- _Data to use_:
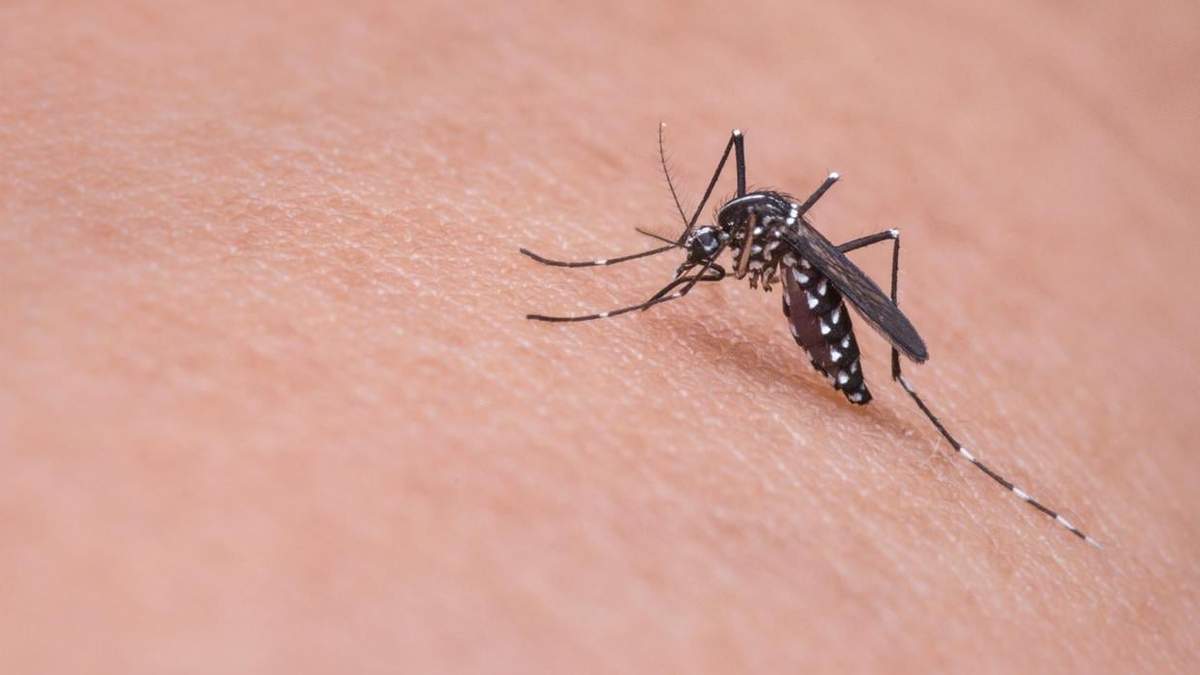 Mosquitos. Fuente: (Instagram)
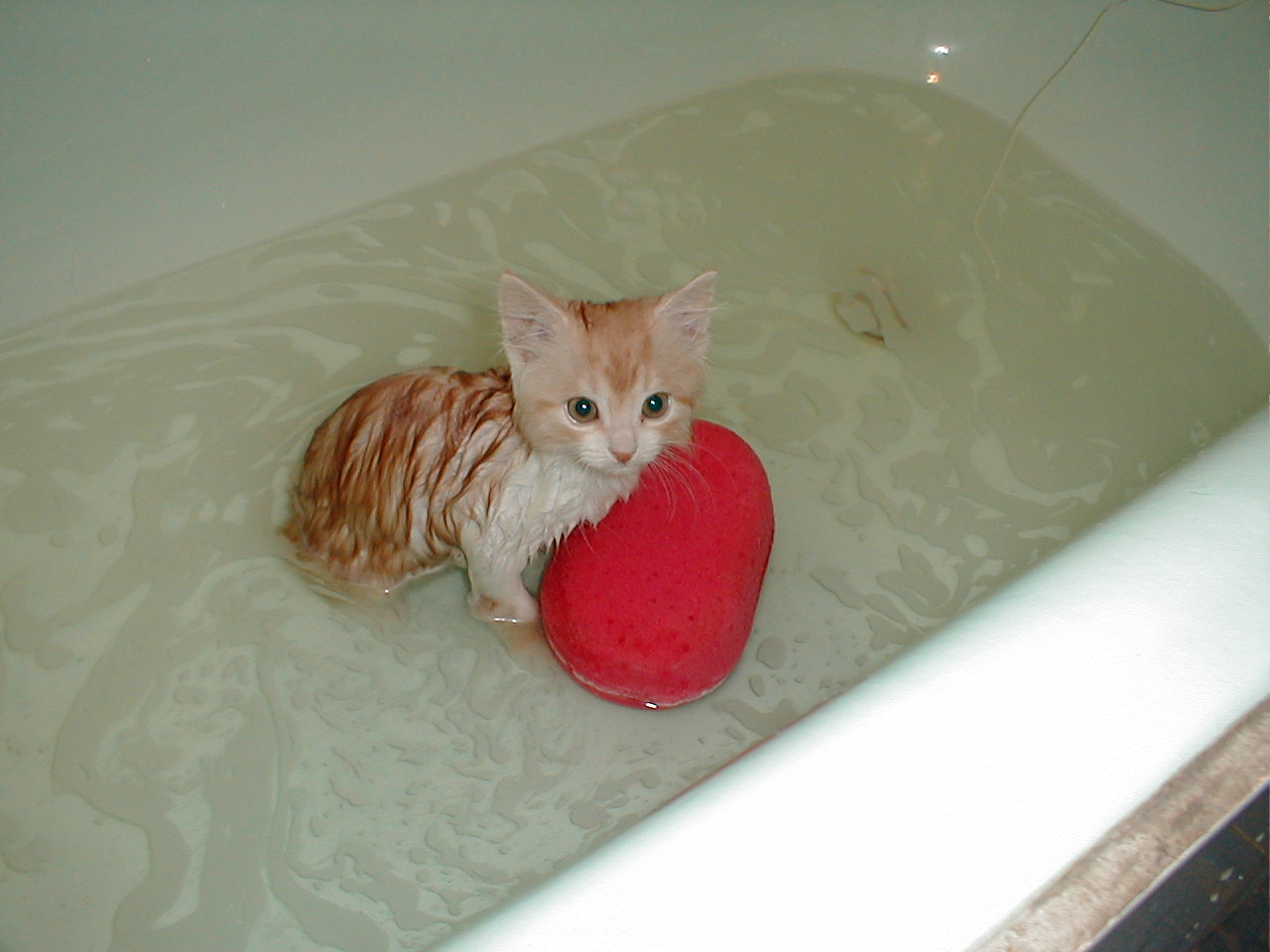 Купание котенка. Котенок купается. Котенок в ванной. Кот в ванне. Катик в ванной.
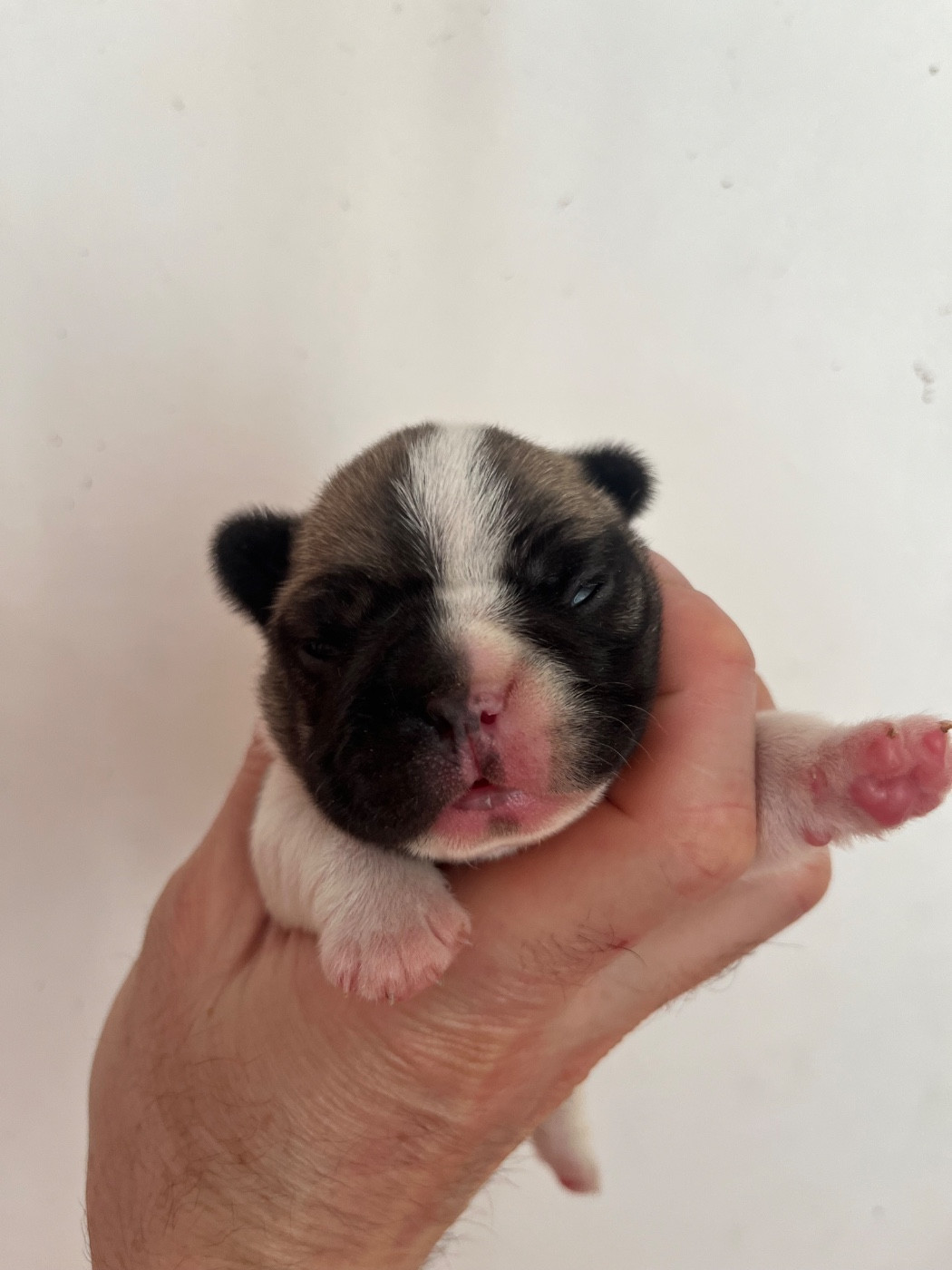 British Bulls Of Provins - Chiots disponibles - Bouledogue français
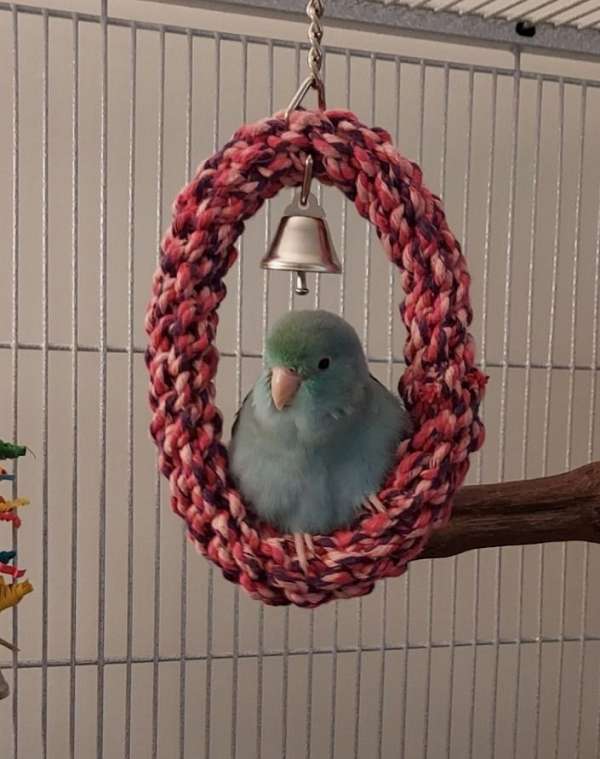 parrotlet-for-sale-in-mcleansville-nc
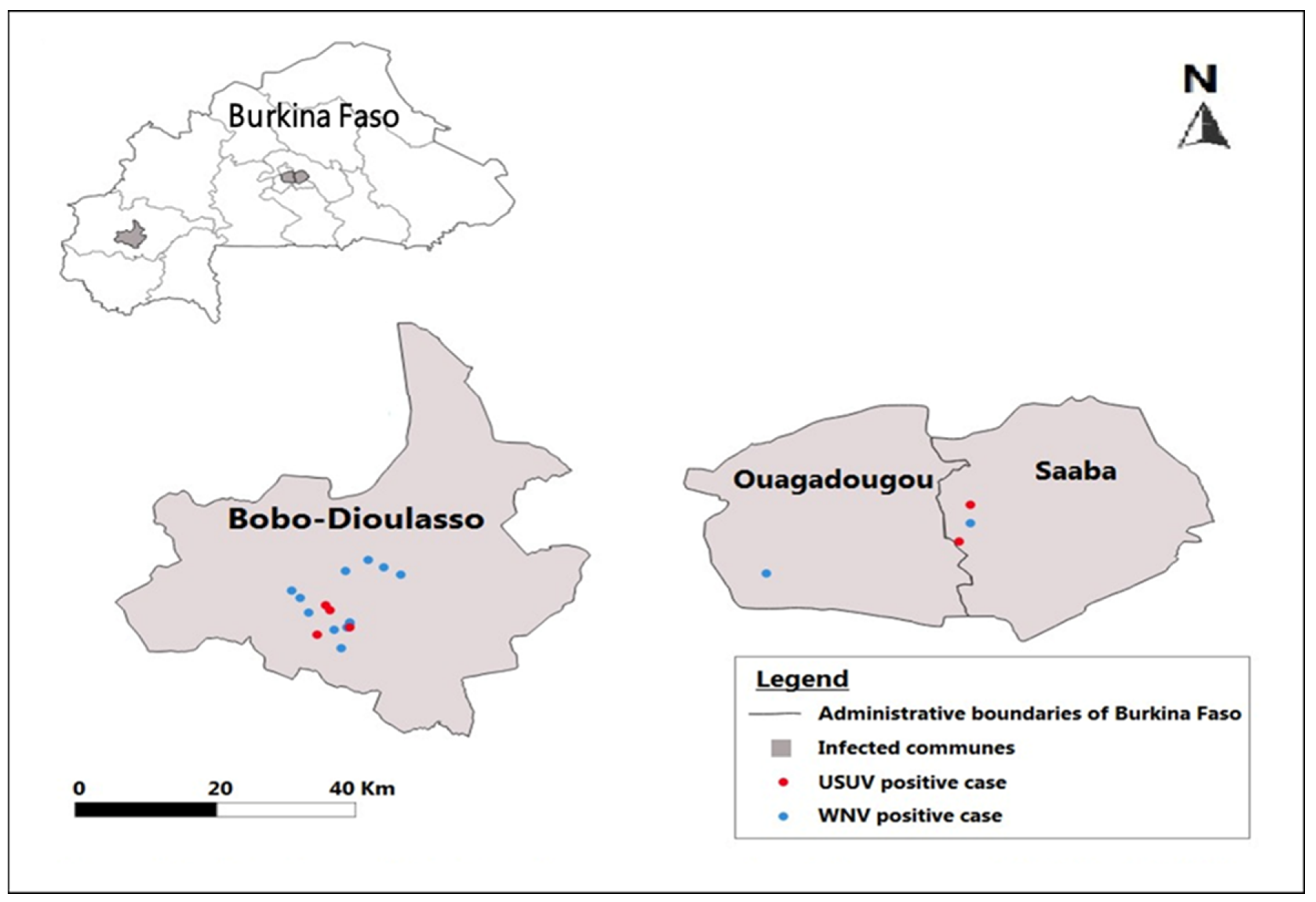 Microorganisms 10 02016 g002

- _Exercise brief_: The copy must start at the line containing "Купание котенка. Котенок" and end at the last line of the records, matching each line exactly and holding no pictures.

- _Solution for this problem_:
 Купание котенка. Котенок купается. Котенок в ванной. Кот в ванне. Катик в ванной.
 British Bulls Of Provins - Chiots disponibles - Bouledogue français
 parrotlet-for-sale-in-mcleansville-nc
 Microorganisms 10 02016 g002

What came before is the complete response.